I think the key point is how to do that in an elephant manner, considering that we can have multiple compression algorithms?
I'm not really in favour of such a feature.... But if there is an elegant patch.... Why not!
@kelson42
elephant manner
No, I hope it's shrew manner. :smile:
we can have multiple compression algorithms?
WARNING: LZMA compression method is deprecated. Support for it will be dropped from libzim soon.

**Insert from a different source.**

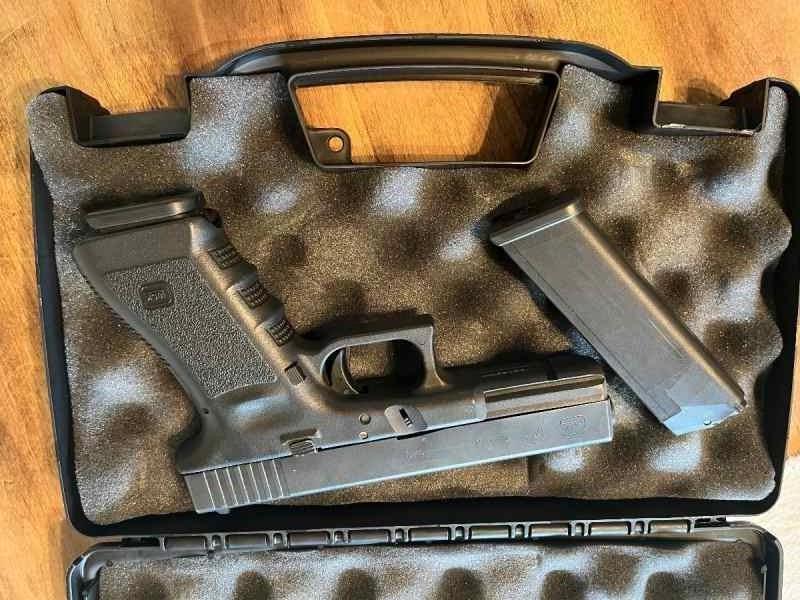 Glock 17 Gen 3 w/ MCK 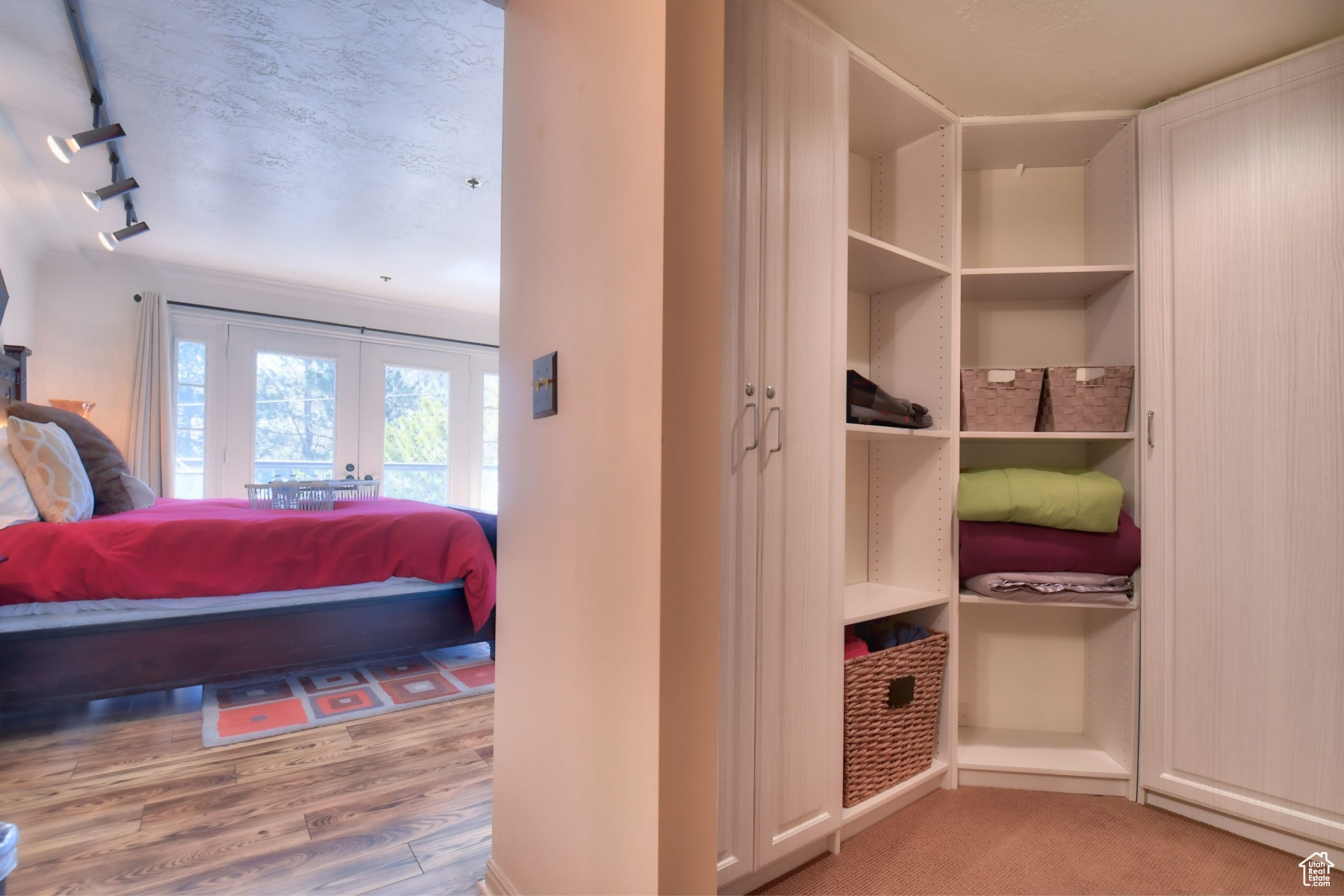 EMPIRE HOUSE CONDOMINIUMS - Residential Lease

Which compression methods are planned?
But if there is an elegant patch
Yeah, it's trivial patch.
"elegant" was meant ;)
As @kelson42 said, the "classical" use case is to generate a zim file once and then download/use a zim file several times. So we set the compression value to reduce the size of the zim file at the cost of compression time. But I agree we should not enforce this use case. Especially that, as shown in the small benchmark, using a smaller compression value increase a bit the compressed size but improve a lot the compression time.
The used algorithm for now use a integer to set the compression level. And it is probable that other compression algorithms do the same (and if not, we can define ours).
The simpler would be to add a int parameter to configCompression and just pass it to the compression algorithm. If not provided, we will use a default compression level (maximum compression, different (adapted) for each compression algorithm).
It would be to the user to pass a coherent value if he which to force a compression level.
The simpler would be to add a int parameter to configCompression
What if this parameter will equal to some special value (INT_MIN or INT_MAX) by default?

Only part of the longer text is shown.